- **WORK INSTRUCTION**
Give the lines again exactly as they appear below, from the line with "Foodprocessor Cecotec H" to the line with "Landon at Two Years, 1962", both included, and only those lines. Leave every picture out.

- **EXTRACTED MATERIAL**
+ + + + +

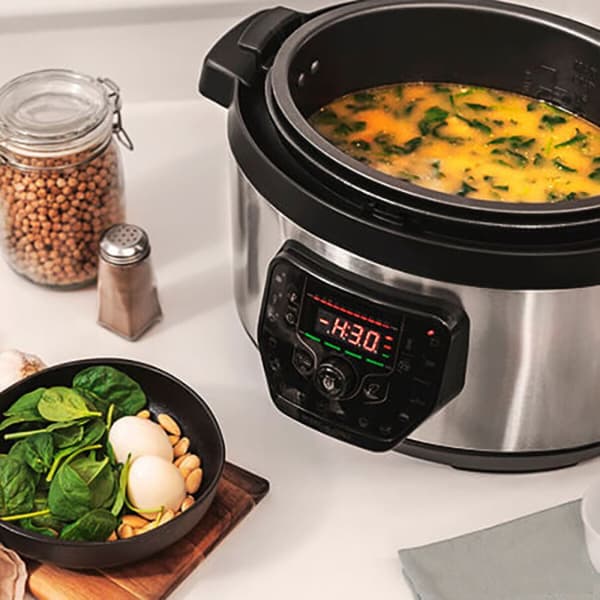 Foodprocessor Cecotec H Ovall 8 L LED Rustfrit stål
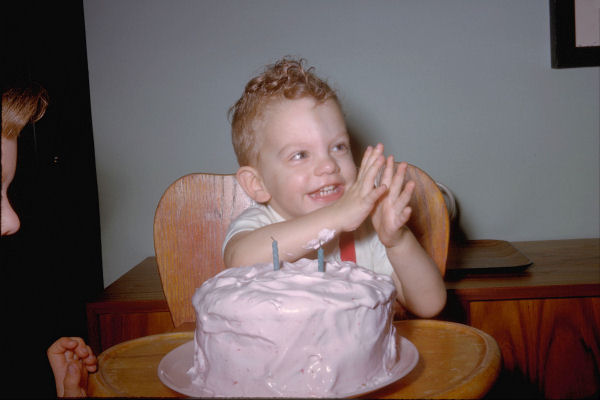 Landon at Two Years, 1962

+ + + + +

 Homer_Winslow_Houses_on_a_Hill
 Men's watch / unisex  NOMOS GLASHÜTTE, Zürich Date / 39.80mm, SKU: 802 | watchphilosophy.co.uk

+ + + + +

- **WRITTEN SOLUTION**
 Foodprocessor Cecotec H Ovall 8 L LED Rustfrit stål
 Landon at Two Years, 1962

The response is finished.